The beginning of this season is a call to conversion addressed to all of us because God wants us to grow closer to him and to experience the warmth of his love more deeply. We need to open our hearts to receive his Son Jesus Christ into our lives. His presence can be experienced in the people we meet and in the situations that come our way each day. In a book of prayerful poems called “Being Home,” Gunilla Norris strives to live in the overlap between our time and God’s time. She wants to be a steward of her everyday tasks in such a way that allows her not to despise the din of the world and its tasks, but to use them as a portal into deeper living. In a poem called “Polishing the Silver” she prays: “As I polish let me remember the fleeting time that I am here. Let me let go of all silver. Let me enter this moment and polish it bright. Let me not lose my life in any slavery – from looking good to preserving the past, to whatever idolatry that keeps me from just this – the grateful receiving of the next thing at hand.”

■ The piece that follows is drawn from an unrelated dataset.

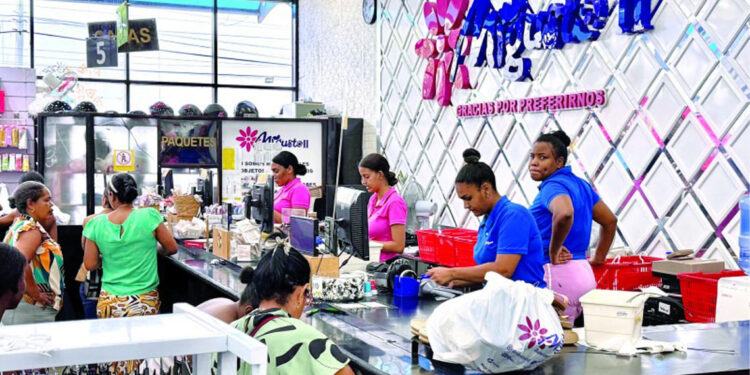 Tiendas chinas cumplen Ley 16-92 y contratan más empleados dominicanos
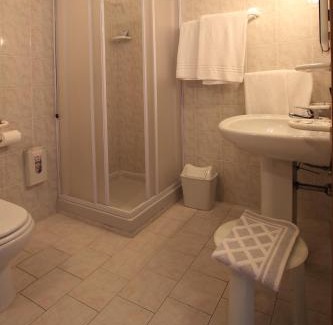 Tignale Hotel | Hotel Garnì Al Poggio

Brothers and sisters, Let us pray: Almighty God, give us grace to cast away the works of darkness, and put on the armour of light, now in the time of this mortal life in which your Son Jesus Christ came to visit us in great humility; that in the last day, when he shall come again in his glorious majesty to judge both the living and the dead, we may rise to the life immortal; through him who lives and reigns with you and the Holy Spirit, one God, now and forever. Amen.